We have left China a few days ago but because of government’s ban on media that could possibly free up people’s minds and cause unnecessary disturbance to the nation I was unable to access my wordpress blog. Thankfully Instagram seemed to be working fine, so at least I could keep it going by posting endless photos and developing my hash tag addiction. But now I’m back to the blogging business and in the next few post I will quickly wrap up our last months adventures.
After a bit of a drama with leaving Honk Kong (read about it here), we arrived at the border with no issues, but the moment we were ready to cross onto China we realised that one of the bags we carried was left on the HK side of the border. And it was an important bag as it contained precious food for the journey ahead. Fruits, biscuits, eggs tarts and cured meat. Too much good stuff to waste, call me greedy but when your budget is tight every penny matters, hence off I went for a search. I soon found out that going back on myself on a border crossing isn’t really something you should do and after getting stopped by security and explaining (I mean drawing things in the air with my hands) my sad situation, I surrendered my passport hoping I can go back to HK and quickly pick up what belonged to us. 20 minutes after I handed in my passport I got a little bit nervous as the person who assisted me at the beginning was nowhere to be seen. Eventually I got my passport back and proceeded back to HK crossing. I don’t think I was too surprised to discover that the bag was no longer there. With no food and no cash in our wallets we boarded on an overnight train to Changsha, where we arrived delayed by 4 hours the following morning.

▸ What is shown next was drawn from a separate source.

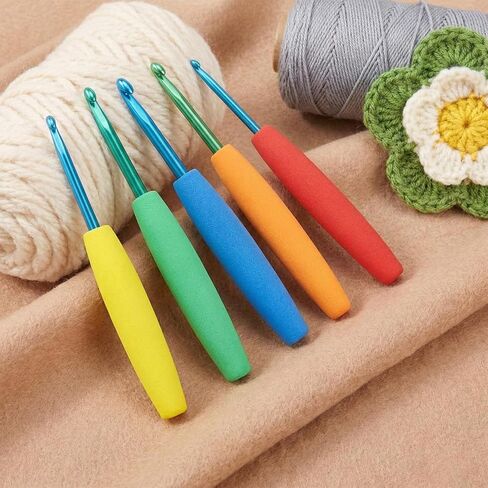 5 PCS Crochet Hook Grip Ergonomic Crochet Hook Grip Handle for Crocheting and Knitting Fits 2mm-10mm Comfortable Removable Cushions Hands Handle in Kuwait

Changsha is not a tourist destination but it was Tim’s brother Jamie whom we paid a visit. It felt a bit weird to be back in a developed city, almost like we were cheating on the idea of backpacking! The city of Changsha appeared to be very modern with a lot of smog, plenty of universities and country’s biggest fireworks factories, which greatness can be witnessed on Saturday nights when a firework show is on for everyone to enjoy. But of course we did not plan to spent the whole month we had in Changha and after few days of our arrival we were ready to set off together on our first trip to Tianmen Mountain National Forest Park and Zhangjiajie National Park.

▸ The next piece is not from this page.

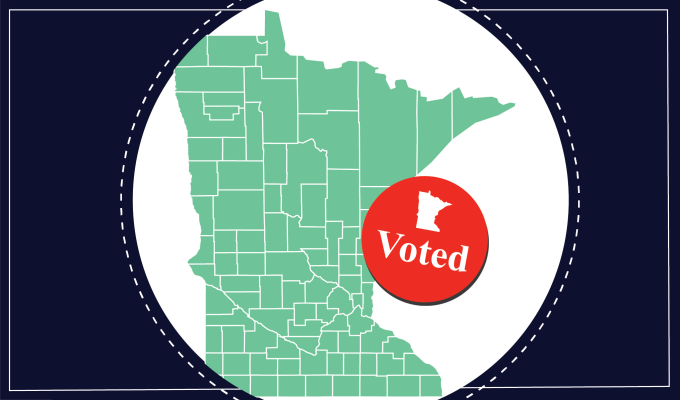 Map of Minnesota with an "I voted" sticker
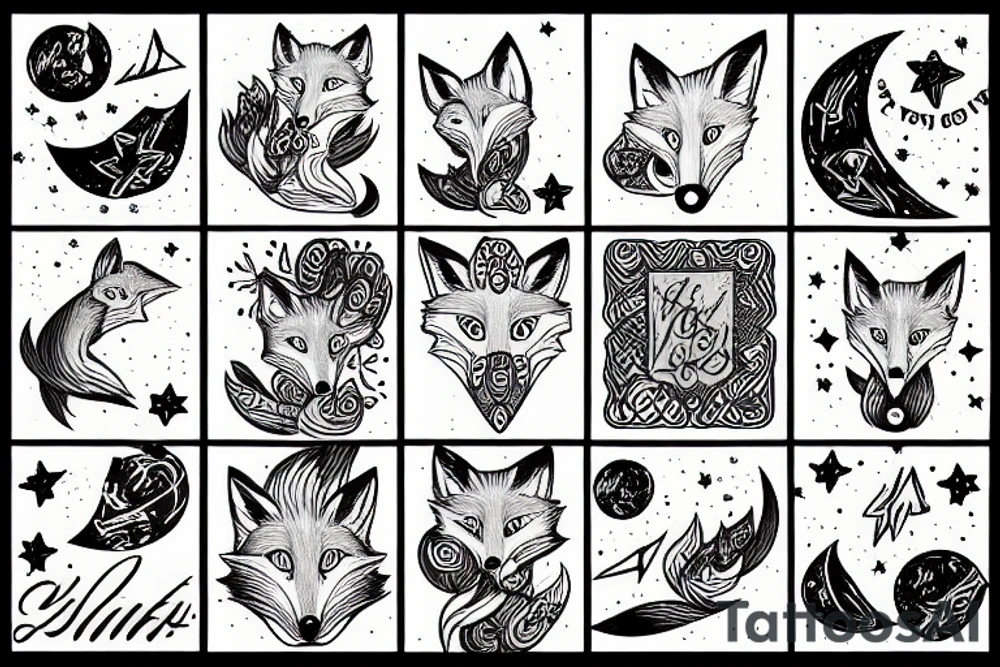 A fox looking to the stars tattoo idea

Tianmen Mountain sits above the city of Zhangjiajie with its highest peak at just over 1500 meters. The mountain is named after the massive cave half way up the mountain that looks like a gate to the heaven, hence, the name Heavenly Gate Mountain. Prices for accessing this national park are heavenly high too, so if you are on a tight budget be aware!
In order to get to the heavens gate a rather hell like ride along 7.2 km cable car is required and believe me it does make the hair on your arms stand up. The Chinese have claimed it to be the longest cable car across high mountains in the world, which may be the truth or it may as well be the longest cable car across high mountains in the world, in China. Regardless of that the views are spectacular, if you can actually be brave enough to look down.
Once you get over your fear of hight another scary adventure awaits in front of you, a Walk of Faith, a glass path sitting on the edge of the cliff. Boys chickened out much more than I and if anything I found Chinese tourist cramping in one spot taking endless photos much more scarier than the walk itself.
Another cable car ride away is Heavenly Temple, a 500-year-old Buddhist temple nestled in the mountain. One of the most important temples in the area, the grounds were surprisingly empty and made a nice stop to relax and wander around. Not very often you get the whole temple to yourself!
And as we were thinking that the heart stopping mountain transportation is all behind us, we had to jump on a bus that joined a road with 99 bends ascending to the top of the mountain and the Tianmen cave. Then the cave itself was only 999 steps up away…
Once we were done with the heavens Zhangjiajie National Park was our next stop. Only an hour away on a bus from Tianmen Mountain National Forest Park, the park has been marked as AAAAA attraction and being the part of Wulingyuan Scenic Area is recognized as a UNESCO World Heritage Site. Zhangjiajie’s popularity became even bigger with tourist after 2012 when Chinese declared that the park was an inspiration behind the movie Avatar and the tacky photographs with the Avatar creatures photo-shoped can be taken by the main view points. Sad I know but local tourists seem to like it.
The transport within the park is via buses and thankfully this is included in the ticket price. We spent the night in a hostel on the parks grounds, so that we could make the most of the two days we had left.
The weather seemed to work in our favour too and the cooler mountain air felt much refreshing. Starting our walks early in the morning meant that we avoided the heat of the midday sun but also the sites we wanted to see were likely to be less crowded.
The fog hovering over the giant rocks rising from deep valleys making the photo opportunities not so great, but with a bit of imagination I could see how fabulous this place must look like with a better visibility. Or maybe the fog made it look more mystical, hence the idea for Avatar?!